Business companies and scientist are spreading publicity of their products and innovation on social networking sites. Moreover, those witnessing any event and accidents are casting live the science providing information ahead of reporters and photo journalists. Various groups and experts are whetting debates on pressing problems on Twitter and even waging struggle for rights and justice.
Government and security agencies are making people updated on the activities done, and seeking and hearing complaints. These are some examples representing some personal, social and institutional activities which are facilitated and enabled by internet- the brain of the global communication.
On the other hand, the number of people and communities being stigmatised and victimised with growing rumour, hoax, hatred, contempt, blasphemy and others is taking their toll on them. The news stories of separation and breakdown of family, sheer disrespect to social values, torching of newspapers, public threat to some groups are common in the national and international media. What is it amplified by? Yes, internet is not the cause, but enabler of such appalling issues, too.

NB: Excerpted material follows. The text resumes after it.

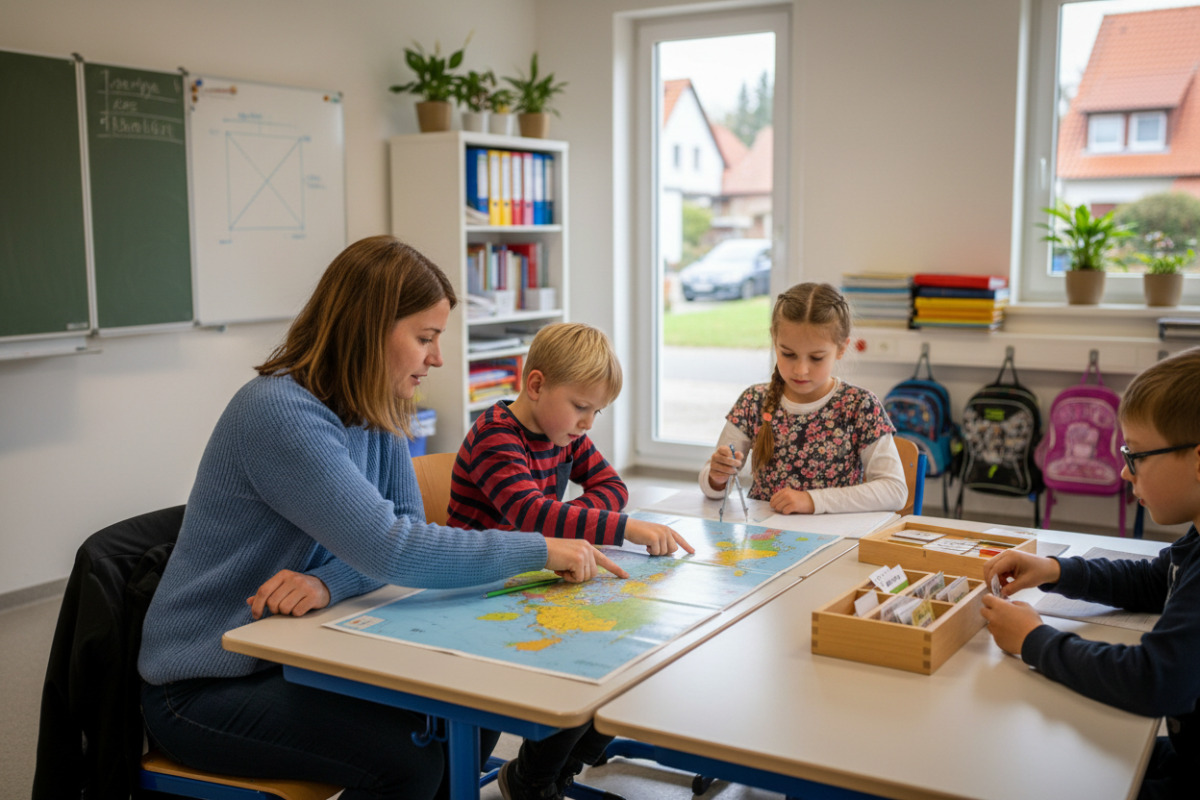 Die Bilder zeigen kleine Lernmomente, die Kindern in der vierten Klasse Struktur, Ruhe und Zuversicht geben.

The unprecedented opportunity created for communications, innovation, knowledge and business, on the one hand, and disappointing effects on individual and human society as a whole on the other have forced everyone to mull: Is internet enabler or destroyer of social values and system? Is it fomenting conflict or ensuring peace? More fierce debate is continued across world now: whether the internet is enabler or damager of democracy?

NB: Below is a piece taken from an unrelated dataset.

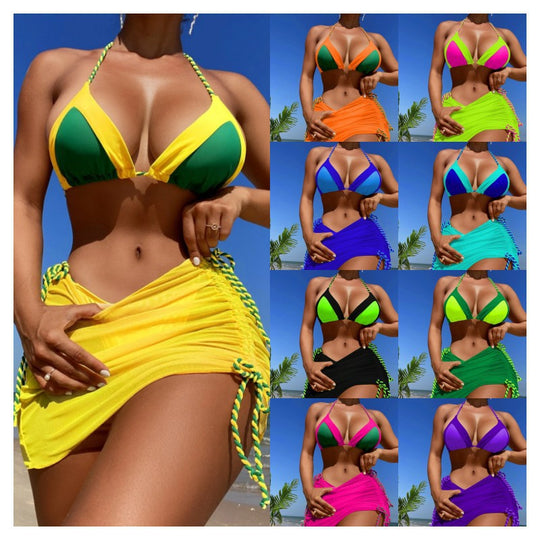 Damen Triangel-Bikini-Set mit Raffungen und Bindebändern EB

Going broader, freedom of press and expression, inclusiveness, transparency, separation of power with check and balance among state organs, right to information, rule of law and proportional representations are the fundamentals of democracy. There may be few to oppose this. Now, any individual, community, institution, or system can test how it is treating internet and being treated by the internet. For what purpose the internet is used? Just an instance, for many, Facebook is regarded as internet in Nepal. Why? As per media research organisations, there are some nine to ten million Facebook users in Nepal while there are around one million Twitter users. Needless to say, the facilities in these social networking sites determine the number of their users. Internet is broad and vast. Social networking sites are just some programmes enabled by technology and internet.
To mull again: why and how are Nepalis using these networking sites? Why are they using email communications? How profitable are they? And importantly, has the use of internet enabled Nepalis’ communications, innovation, knowledge and business? More importantly, has internet enabled or damaged our system or the pillars of democracy? Argument for and against it are rife. In my view, without conducting thorough study on the use of internet and its advantages and disadvantages in Nepali society, reaching a conclusion for or against it is illogical.

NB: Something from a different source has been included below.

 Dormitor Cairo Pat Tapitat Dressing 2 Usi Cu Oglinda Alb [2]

The most important point is internet, despite being a wonderful achievement, is produced, promoted by the human and for the welfare of the human. Whether making it beneficial or harmful entirely depends on us. If we become slave to internet and misuse it by suppressing views, news and discourse, spreading hoax and manipulation, it is obviously counterproductive for society, system and democracy. Otherwise, harnessing benefits from it is always in favour of human development and strengthening of democracy.
However, the debate must be continued whether internet is enabler or damager of democracy? It is relevant debate for all countries. In order to continue this debate, we can link internet to our individual, social, cultural, economic, education and scientific aspects. The cultural perception of internet may contradict with scientific perception of internet because disruption is not always entertained by tradition and culture. Young technologists link disruption to innovation and innovation to development. Similar issues can be raised by economic and educational angles.
Conclusively, I would like to quote some lines from a famous book, ‘Free Speech: Ten Principles for a Connected World’ by an acclaimed writer, Timothy Garton Ash, as, “The world is not a global village but a global city, a virtual cosmopolis. Most of us can also be publishers now. We can post our thoughts and photos online, where in theory any one of billions of other people might encounter them. Never in human history was there such a chance for freedom of expression as this. And never have the evils of unlimited free expression- death threats, paedophile images, sewage-tides of abuse- flowed so easily across frontiers.”